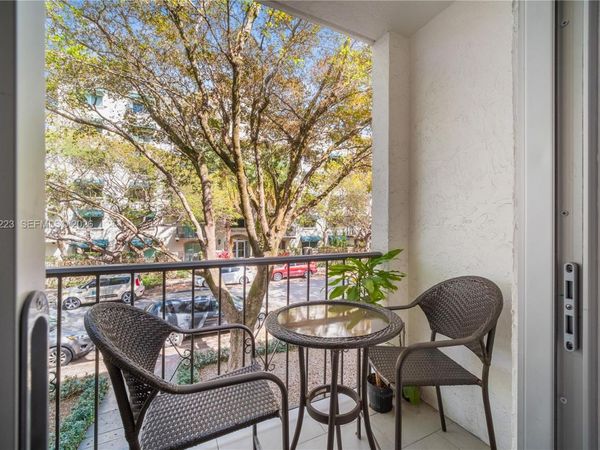 338 Majorca Ave, Unit 205, Coral Gables, FL 33134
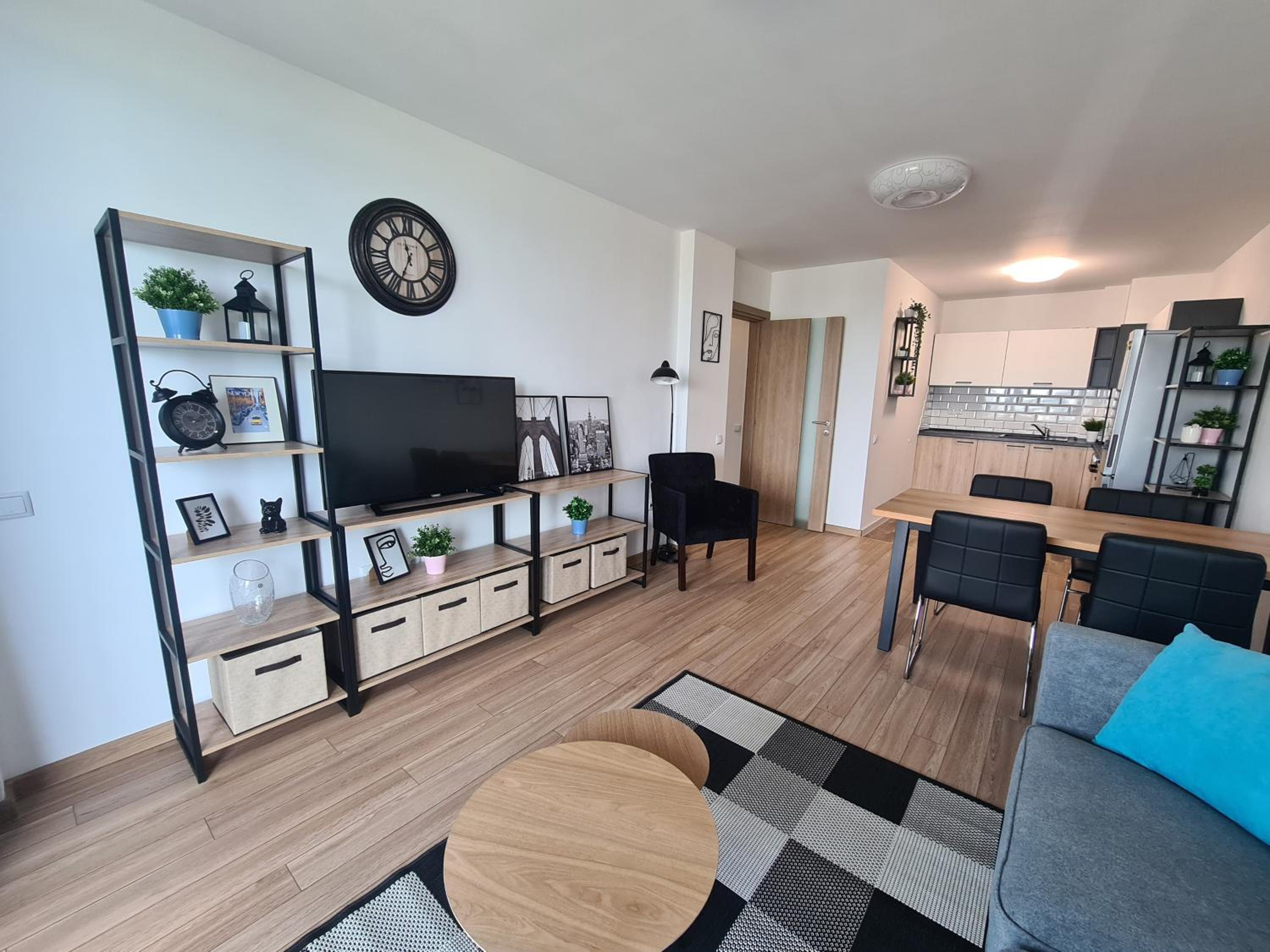 Sky flats Varna with parking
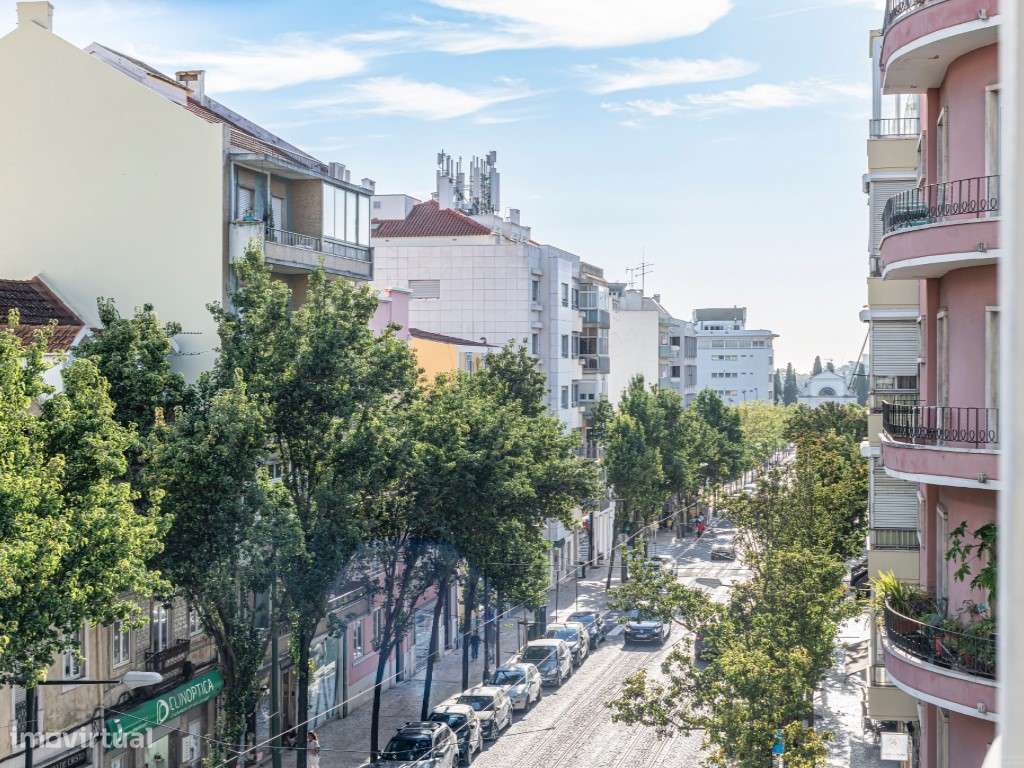 Apartamento T2 com suite, varanda, Campo de Ourique - Grande imagem: 2/22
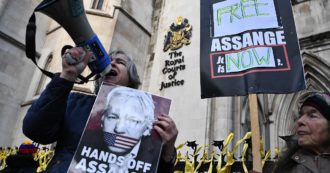 Copertina di Julian Assange, l’Alta corte di Londra ha ribaltato la sentenza che negava l’estradizione. Wikileaks: “Un grave errore giudiziario”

══════════

Give back the full listing exactly as written, only without its pictures.

 338 Majorca Ave, Unit 205, Coral Gables, FL 33134
 Sky flats Varna with parking
 Apartamento T2 com suite, varanda, Campo de Ourique - Grande imagem: 2/22
 Copertina di Julian Assange, l’Alta corte di Londra ha ribaltato la sentenza che negava l’estradizione. Wikileaks: “Un grave errore giudiziario”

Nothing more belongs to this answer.